Windows 8 isn't connecting to wifi automatically when I turn my PC on. I have to connect manually, even though each time I connect, the box is checked for connect automatically.


----------



## DaveA (Nov 16, 1999)

When connecting there should be a "Remember connection" or something like that , that needs to be checked. It is the same on most any WiFi connection.


----------



## adsmith82 (Jul 19, 2006)

as mentioned, this box is checked each time I connect, but does not work


----------



## adsmith82 (Jul 19, 2006)

bump


----------



## DaveA (Nov 16, 1999)

Tell us more about this machine?

Is it a new machine with OEM OS?
Did you upgrade from a earlier Windows, if so which one?
If upgraded what was the Make and model of it before the upgrade?


----------



## adsmith82 (Jul 19, 2006)

It's an upgrade version but I deleted the previous partition and did a clean install. My wifi adapter is Asus USB-N53. My friend has a 2011 Mac Mini with Windows 8 on a second partition and I believe it has the same problem.

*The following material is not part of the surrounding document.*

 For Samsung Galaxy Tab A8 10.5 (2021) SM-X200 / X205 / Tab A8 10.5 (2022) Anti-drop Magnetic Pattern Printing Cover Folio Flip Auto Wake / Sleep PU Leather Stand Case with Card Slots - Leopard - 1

Also the PC is a custom build with MSI Z68 board, 2600K cpu, 256gb samsung 840 pro ssd, etc.


----------



## DaveA (Nov 16, 1999)

Some machines come with software that does this connecting, so you may want to have a look at the drivers and software at the OEM's website for your WiFI device in the computer. But make sure you get the Windows 8 drivers and software, if the OEM has them, the Windows 7 may work.

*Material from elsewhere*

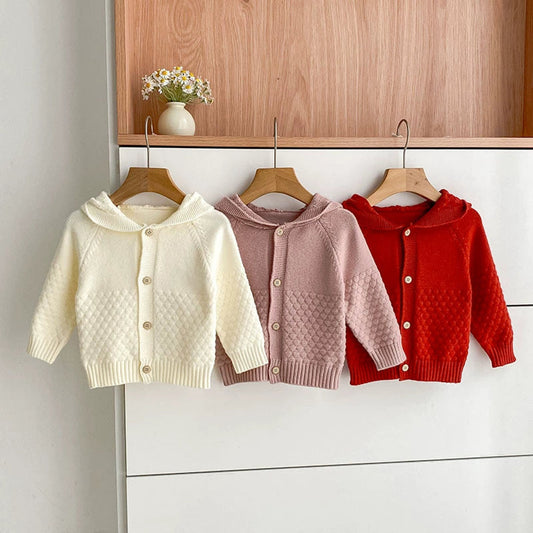 MyKids-USA® Baby Girls Comfortable Solid Color Knitted Long Sleeves Cardigan with Hood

Is this you device http://www.asus.com/Networking/USBN53/
A external device?


----------



## adsmith82 (Jul 19, 2006)

I used 7-zip to extract the driver from the file I downloaded from Asus, and used device manager to install the driver. I don't know if Windows update will find a driver for a device that is already working.


----------



## LauraMJ (Mar 18, 2004)

Re-opened as requested.


----------



## adsmith82 (Jul 19, 2006)

Thanks Laura. There is a driver on Asus' site specifically for Windows 8 64 and so far it seems to be working. I don't know if the driver was there before but it is now. I rebooted twice and it connected before login. Hopefully it will keep working.

Thanks again for reopening, at least I can post a solution for anyone else having the same problem.


----------